What is paradise? Is it a location or a state of mind? I have pondered this question countless times. For some men it might be a 7 day visit to Bangkok visiting as many go-go bars, massage parlours and saunas as humanly possible. For others maybe a shopping extravaganza, tempered with days and nights of eating and drinking in some of Bangkok’s finest establishments. For me, Thailand can be all of these things and more. Paradise (or my idea of paradise), can be found in all corners of Thailand. It’s just a matter of getting out there and exploring.
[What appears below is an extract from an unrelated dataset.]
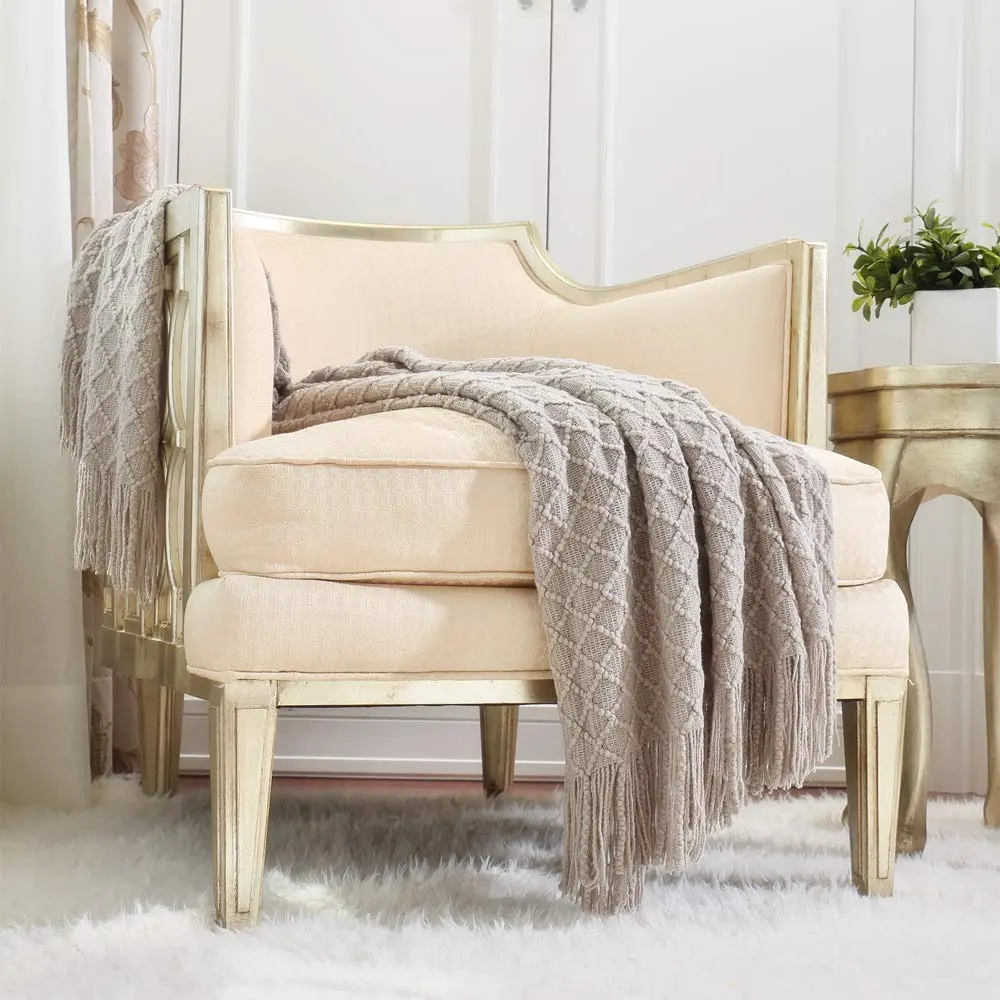 CREVENT Farmhouse Knit Throw Blanket 127cm x 152cm | Soft Warm Cozy Light Weight for Spring Summer - main product image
My first taste of “paradise” was in 1991, on my first trip to Thailand and the beautiful Koh Samui. I was hooked and, like anyone who has found an addiction, I went back for repeated doses in 1993, 1995, 2003 and 2005. I will attempt to share my “journey”, my “affair” with this beautiful island as I experienced it on each separate visit. Each trip was always a different experience from the last, and for me this was one of the reasons I kept going back for more – that great feel of adrenalin one gets from exploring the unknown.

My first journey to Koh Samui was everything a person seeking solitude could ask for. The moment my partner and I left the small make-shift airport, we knew we had found paradise. The mini bus climbed over bush and scrub covered hills, and after about a 30 minute drive through what can only be described as dirt tracks, we found ourselves at Chaweng Beach. We booked into the Chaweng Buri, a collection of brick Thai-styled huts that led down to the most unbelievable site we had ever seen. It was stuff that you only see in postcards – beautiful white sand and the clearest blue water I have ever seen. But the best thing was that it was mid afternoon and there would have been no more than 50 people…on the entire beach...Bliss!

For the next two weeks we lay on the white sand, drank alcohol, and lolled about in the crystal clear water without a care in the world. In fact we had a very hard time keeping track on what day it was! On this trip we also met a man who became a great friend, and who is still living and working at the same resort to this day, Mr Sompop.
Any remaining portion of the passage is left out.